━━━━━ Data provided

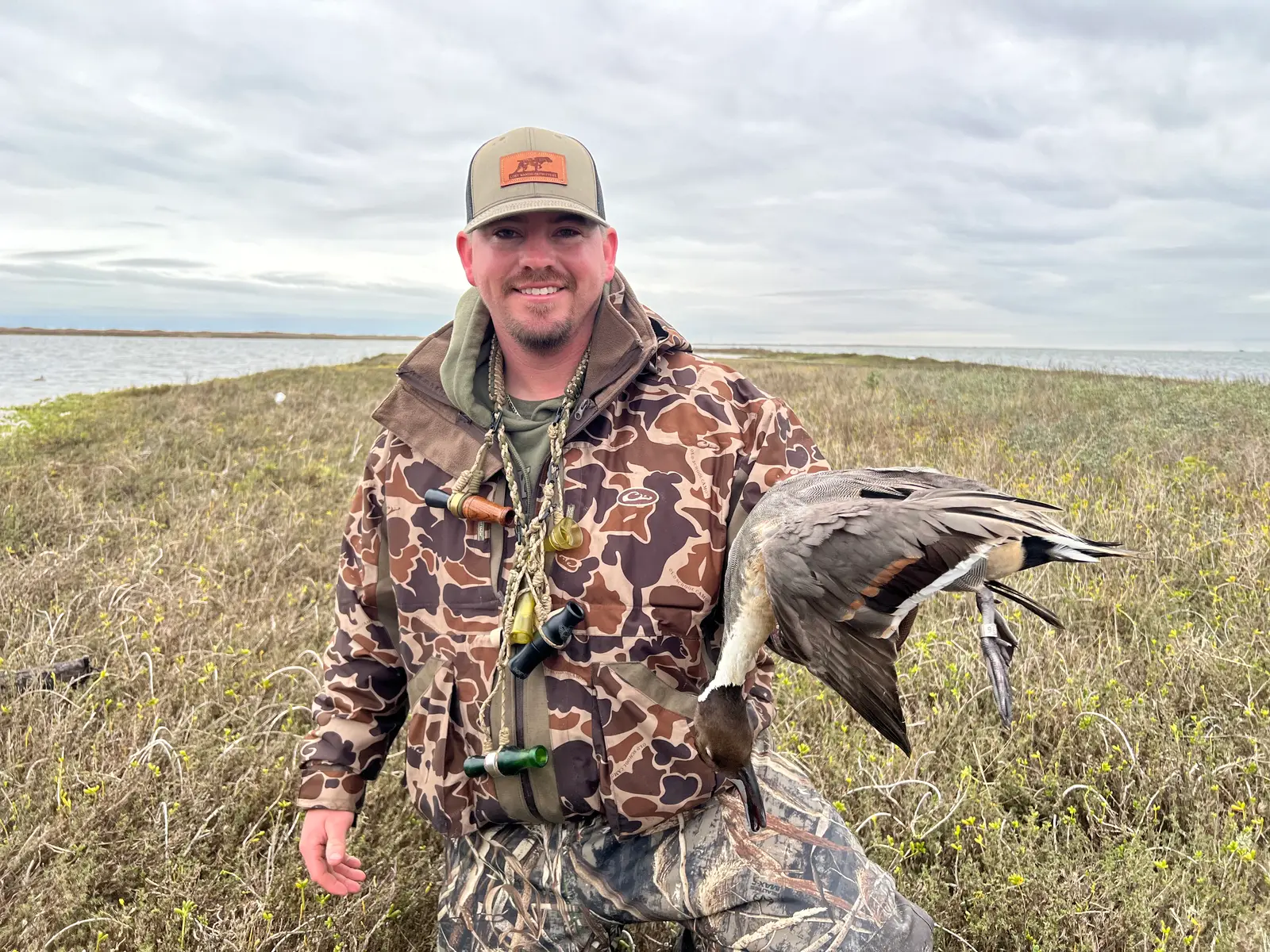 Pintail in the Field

━━━━━━━━━━
━━━━━ Data provided

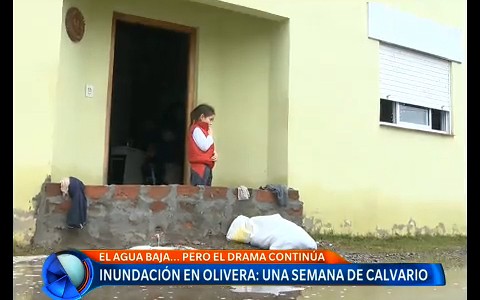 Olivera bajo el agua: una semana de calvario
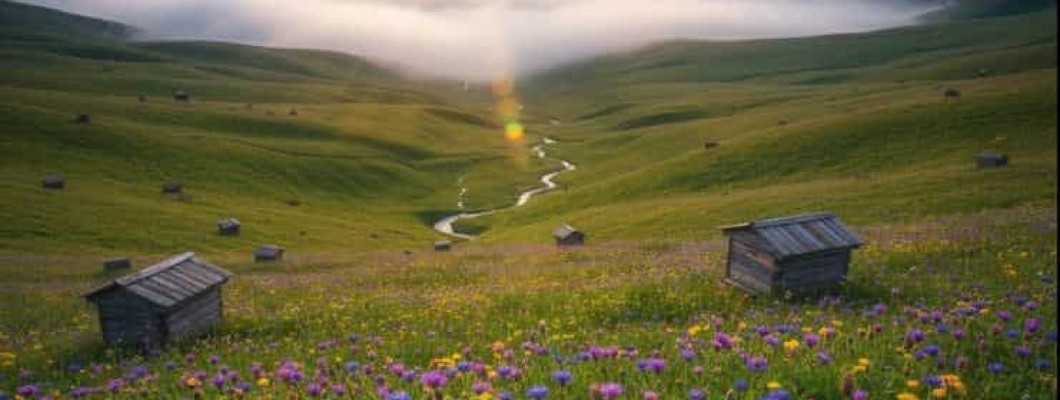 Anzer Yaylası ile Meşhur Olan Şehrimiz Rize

━━━━━━━━━━

Using the listing above, repeat word for word each line from the one with "Olivera bajo el agua: una semana de calvario" down to the one with "Anzer Yaylası ile Meşhur Olan Şehrimiz Rize", both included. Omit all pictures.

 Olivera bajo el agua: una semana de calvario
 Anzer Yaylası ile Meşhur Olan Şehrimiz Rize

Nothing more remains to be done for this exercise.